To obtain the full benefit of a unification grammar it would be necessary to eliminate all of the existing rule types, but that isn’t practicable in the short term. For this reason I’m going to provide the means to translate phrases into functional descriptions and back again. This is straightforward enough:

  • If the phrase is atomic then the corresponding token becomes the value of an appropriately-named feature (eg. ‘atom’).
  • If the phrase is composite then the left- and right-hand sides each become features (eg. ‘lhs’ and ‘rhs’).
  • Each tag becomes a feature with a value of ‘true’.

Because functional descriptions can only grow, it may be necessary to use different feature names for the conversions to and from functional descriptions (depending on what is being attempted at the time).

Most likely it will be agreement rules that I attempt to replace first. This will require at least three significant changes to the way the language description is written:

  • In an agreement rule the absence of a tag can be used to indicate with certainty that a particular condition is false, whereas in a unification grammar the absence of a feature means that a value is unknown: to indicate falsehood it is necessary to explicitly specify a value of ‘false’.
  • When propagating attributes such as gender it will not be necessary to provide a separate rule for each of the possible values.
  • Agreement rules match only when they need to change something. A unification grammar must provide rules to match every valid input (otherwise the input would not be allowed), and normally you would want only one rule to match each input.

The changes are strictly experimental for now, and are being developed in a branch so that they can be easily abandoned should that be necessary. The main criteria will be whether they improve readability and maintainability of the language description files, and how much they add to memory and processing requirements. If they are successful then ideally they would replace all of the current phases from part-of-speech discovery through to transformation. Alternatively, they may simply be used to add to the existing rule types available when writing a language description.

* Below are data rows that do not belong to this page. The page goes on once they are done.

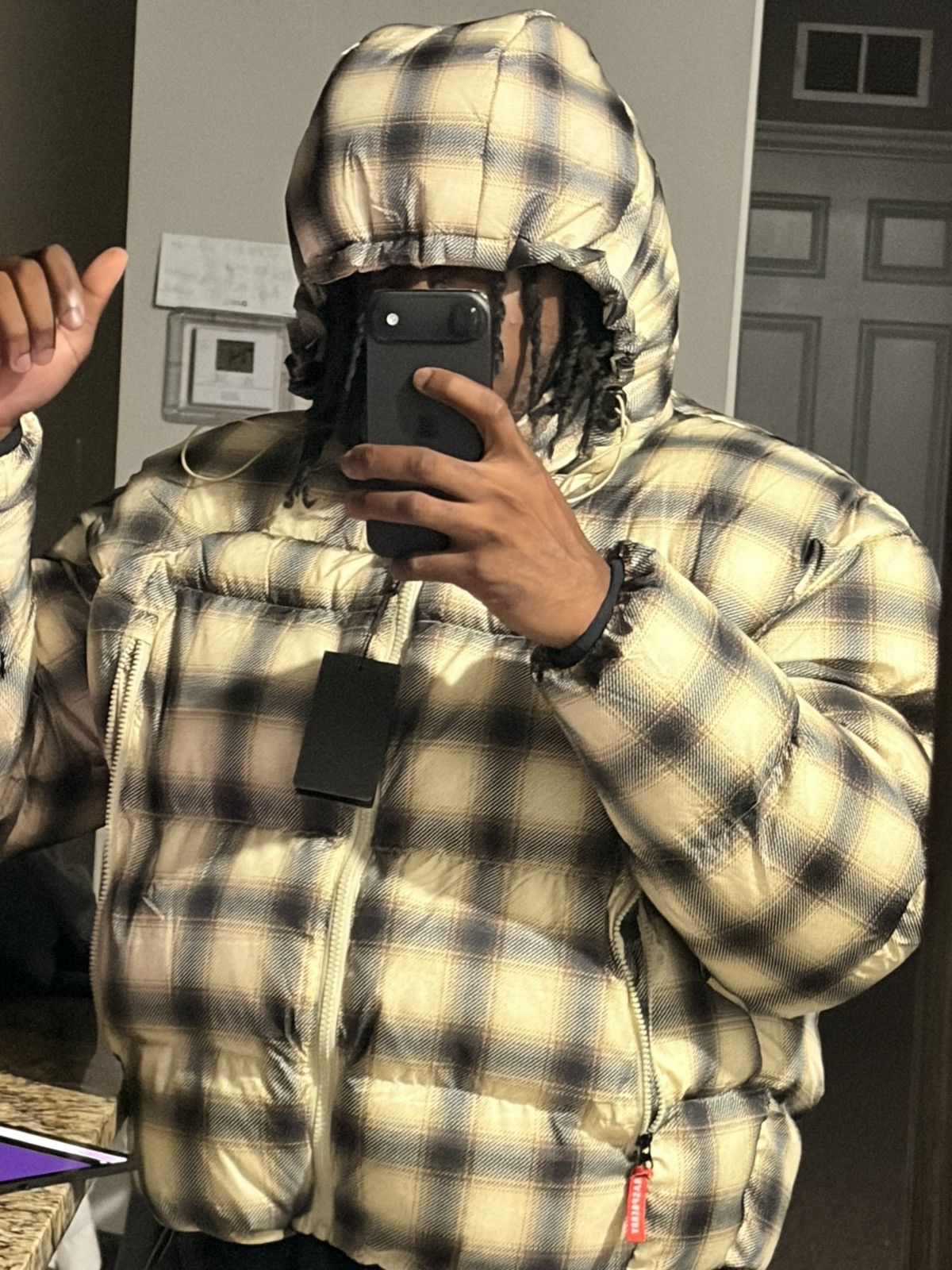The GV Gallery Gv gallery plaid puffer jacket Size US S / EU 44-46 / 1 - 6 Thumbnail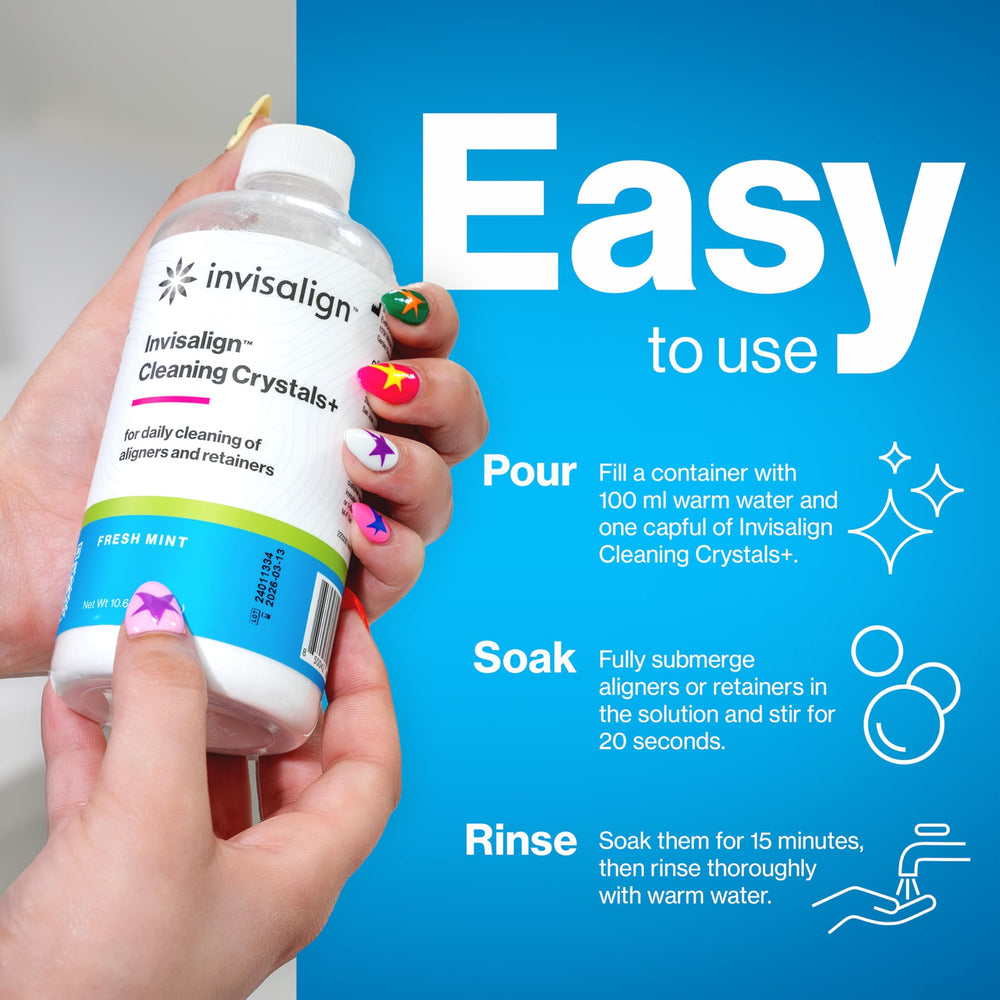 Invisalign Cleaning System+ accessories and case display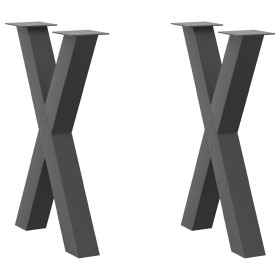 Patas para mesa comedor forma X 2uds antracita 50x(72-73) cm von , Tischbeine - Ref: Foro24-4012970, Preis: 107,36 €, Rabatt: %
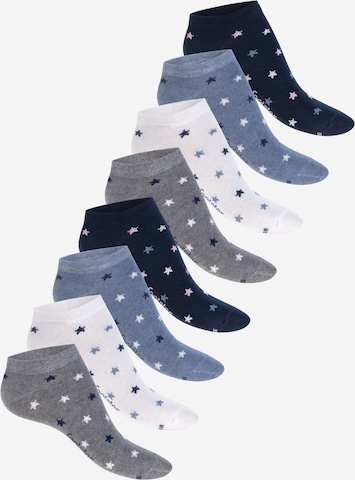 footstar Ankle Socks 'Ringel' in Blue: front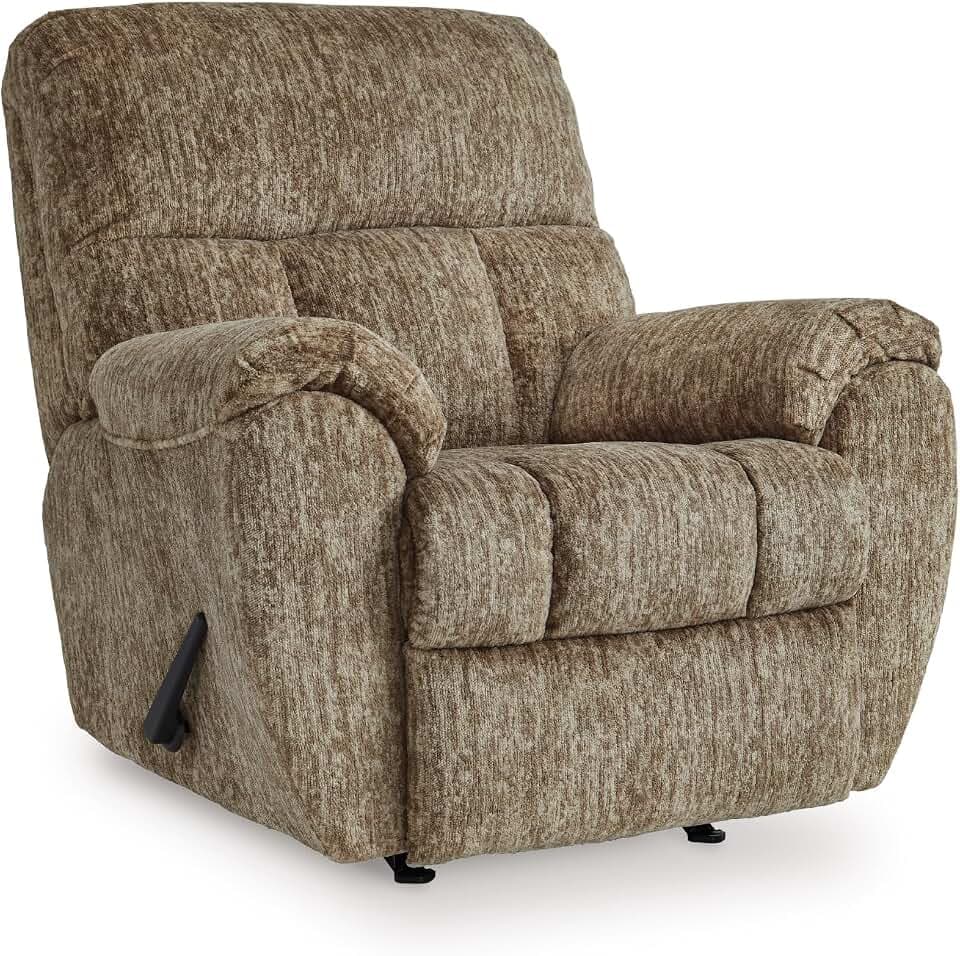 Signature Design by Ashley RiverCam Manual Rocker Recliner Chair, Taupe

Tags in Predicate Definitions

Sunday, November 1st, 2009

There are several stages of the translation process during which tags can be applied, but currently almost all of the raw information on which they are based is provided by the lexicon. Some of that information is language-independent, and I want to move it into the predicate dictionary so that it can be shared between languages. Examples of the type of information I have in mind are the fact that a predicate represents:

  • a colour, or
  • a substance, or
  • an animal.

As I’ve previously indicated, language-independence need not be absolute: if a particular language needs to handle a particular predicate differently then it can be overridden. I wouldn’t want to over-use this facility, because attributes which are substantially language-dependent belong in the lexicon, but it will simplify the handling of edge cases and idiosyncrasies.

The syntax for attaching tags to a predicate is as follows:

predicate foo
{
  tag bar,baz,quux;
};

Multiple tag statements are permitted as an alternative to listing them on one line. Tags are applied as the very first stage of the translation process. I’ve also made some changes to later stages so that tags survive up to and beyond word selection.

What can’t easily be achieved at this point is tagging of composite predicates prior to word selection, so while the system can be told that zoo:genus:vulpes has the characteristic of being animate, it is not able to deduce that (colour:red zoo:genus:vulpes) is equally animate. This is an issue I intend to address soon.